Provided records Start Marker

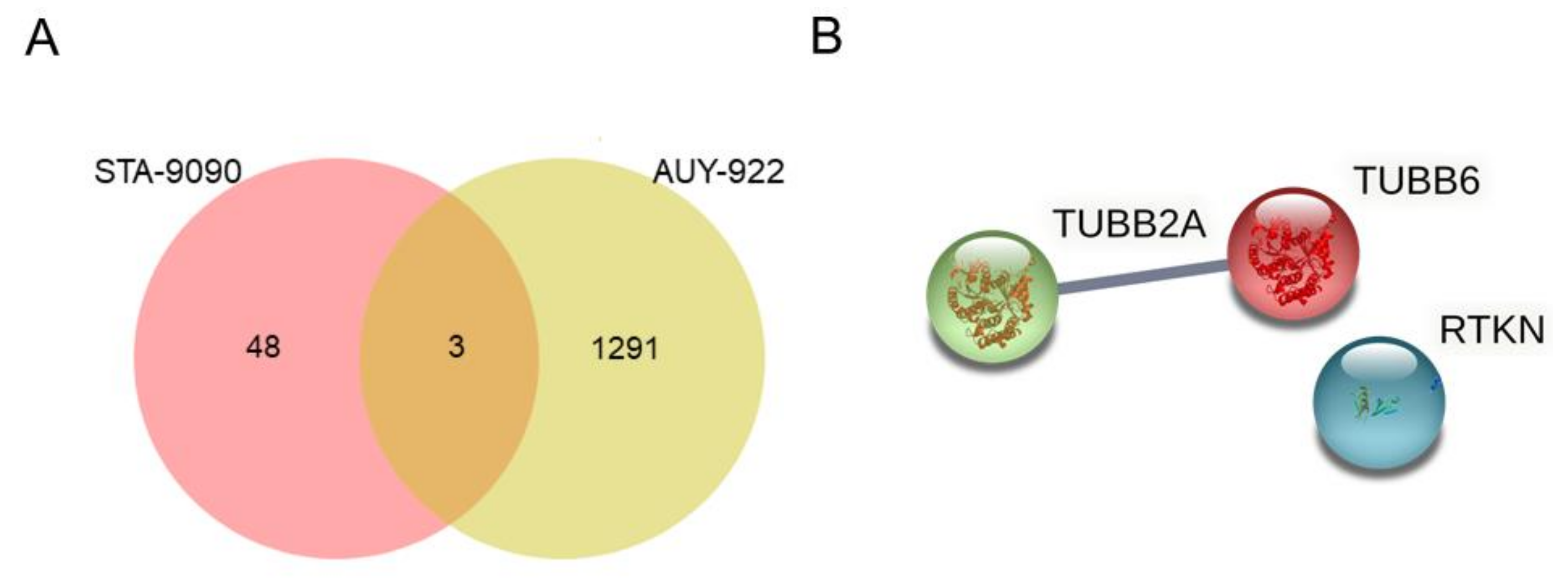 Ijms 22 02538 g003 Ijms 22 02538 g003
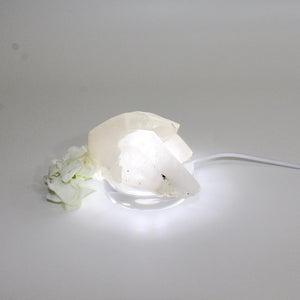 Clear quartz crystal point on LED lamp base | ASH&STONE Crystal Shop Auckland NZ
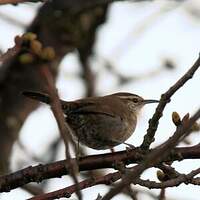 Troglodyte de Bewick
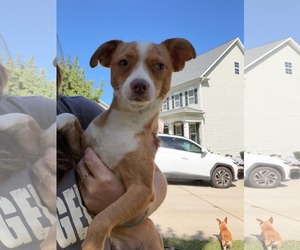 Bruno - Male Chihuahua-Unknown Mix Dog for Adoption - Photo #2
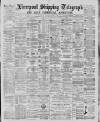Liverpool Shipping Telegraph and Daily Commercial Advertiser Tuesday 03 March 1885 Page 1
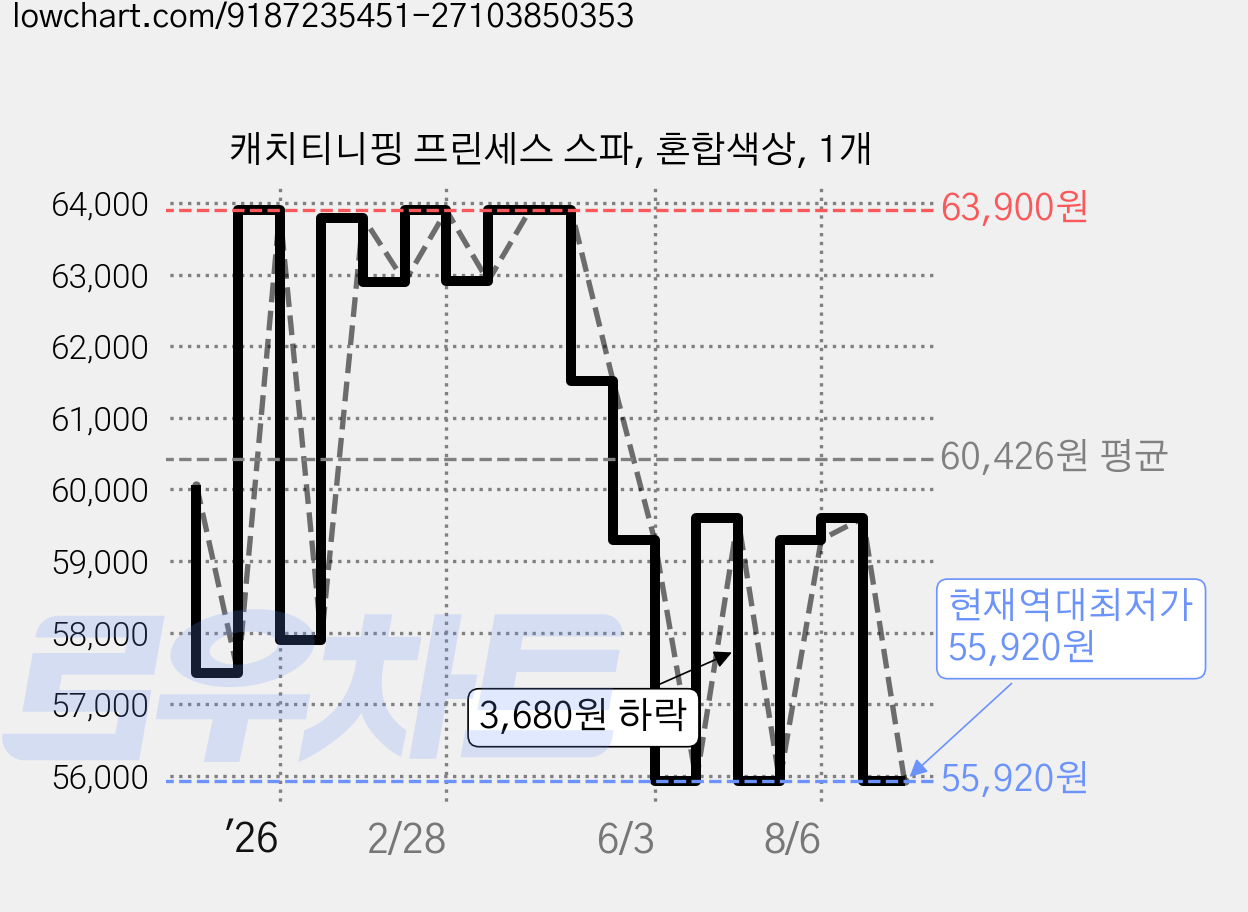 캐치티니핑 프린세스 스파, 혼합색상, 1개 가격 변동 차트, 현재가 55,920원, 역대최저가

Provided records End Marker

Work to be completed: Print each record exactly as it stands, omitting the pictures.

Response:
 Ijms 22 02538 g003 Ijms 22 02538 g003
 Clear quartz crystal point on LED lamp base | ASH&STONE Crystal Shop Auckland NZ
 Troglodyte de Bewick
 Bruno - Male Chihuahua-Unknown Mix Dog for Adoption - Photo #2
Liverpool Shipping Telegraph and Daily Commercial Advertiser Tuesday 03 March 1885 Page 1
 캐치티니핑 프린세스 스파, 혼합색상, 1개 가격 변동 차트, 현재가 55,920원, 역대최저가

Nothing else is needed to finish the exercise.